Em 1997, o envolvimento sexual entre uma professora de 35 anos e seu aluno, de 13, abalou os Estados Unidos. Mary K. Letourneau, a professora, apesar de condenada pela Justiça norte-americana, teve filhos com Vili Fualaau, seu ex-aluno e, ao sair da cadeia, em 2005, casou-se com ele.
O diretor Todd Haynes, no filme “Segredos de um Escândalo”, que concorreu ao Oscar 2024, buscou decifrar a relação complexa entre Mary e Vili, por um viés subjetivo, criando uma história paralela na qual uma atriz, que interpretará a professora em um filme, ao buscar inspiração para a personagem, hospeda-se na casa dos Letourneau.
O caso, apesar de adaptado para ficção, na essência trata de um assunto extremamente sensível: estupro de vulneráveis. No Brasil, o relacionamento entre um maior de idade e um menor de 14 anos é crime tutelado pelo CP. Os tribunais pátrios ainda discutem pormenores do tipo penal e novos formatos do crime, como o estupro virtual, são cada vez mais comuns.
Jornal Folha de S.Paulo noticiou caso Letourneau.(Imagem: Folha de S.Paulo)
Julgamento
No caso Letourneau, Mary foi condenada à prisão por 89 meses. No entanto, como havia se declarado culpada, foi beneficiada com um “SSOSA”. Nos Estados Unidos trata-se de um pedido de “pena alternativa especial para ofensores sexuais”. Em vez de prisão, parte da sentença de Mary poderia ser cumprida em um tratamento de desvios sexuais.
Para ter direito à pena alternativa, o contato com a vítima ou outras crianças sem a supervisão de um adulto foi proibido. Além disso, Mary teria que cumprir serviços comunitários por mais dois anos.
No entanto, passados três meses, a SSOSA foi revogada. Mary foi encontrada em companhia de Vili, violando a condição de não o contatar. Por isso, voltou ao cárcere para o cumprimento da pena original de 89 meses (aproximadamente 7 anos e meio).
Pouco antes de sua liberdade, em 2004, após pedido de Vili, que à época tinha 21 anos, um juiz retirou a ordem de restrição entre o ex-aluno e a professora. Passado um ano, o casal oficializou a relação. Eles ficaram juntos por 12 anos e em 2017 se separaram. Três anos depois Mary faleceu em decorrência de um câncer.
Em 2013, um caso análogo ao de Mary Letorneau virou manchete nos principais jornais do Brasil. Uma professora de matemática foi condenada, em 1ª instância, a 12 anos de reclusão por manter um relacionamento com sua aluna menor de idade.

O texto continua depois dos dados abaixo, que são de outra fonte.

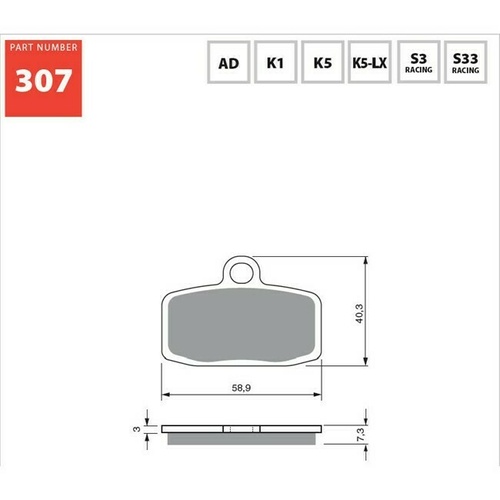 Goldfren Sintered Off Road Front Brake Pad for KTM 85 SX Small Wheel 2012-2018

Na denúncia, a professora foi acusada de cometer o delito contra a aluna por mais de 20 vezes. Em depoimento, a docente confirmou o relacionamento com a estudante, a qual, afirmou em juízo que sentia grande amor pela professora e que pretendia viver com ela por toda a vida.
Apesar da condenação em 1º grau, a professora foi absolvida pelo TJ/RJ. O relator, desembargador Paulo de Oliveira Lanzelotti Baldez, afirmou que não houve utilização de violência, grave ameaça ou coação e todos os atos foram consentidos pela adolescente.
“Vale ressaltar, também, por importante, que a adolescente é fisicamente bem desenvolvida e não apresenta qualquer retardo mental nem tampouco qualquer eficiência de ordem neurológica ou psicológica, mas, ao revés, seu comportamento é comum às garotas de sua idade, quiçá com maior maturidade, consoante se percebe de seu depoimento prestado em mídia audiovisual, na qual demonstra segurança e boa articulação.”
Para o tribunal, não foi produzida prova de que a adolescente fosse incapaz de consentir na prática do ato.
Veja o acórdão.
Criminalização do estupro de vulneráveis
O primeiro esboço da criminalização de estupro de vulneráveis no Brasil foi trazido pelo Código Criminal de 1830 ao punir “coito com mulher virgem, menor de 17 anos” e “a sedução de mulher honesta, menor de 17 anos, com cópula carnal”.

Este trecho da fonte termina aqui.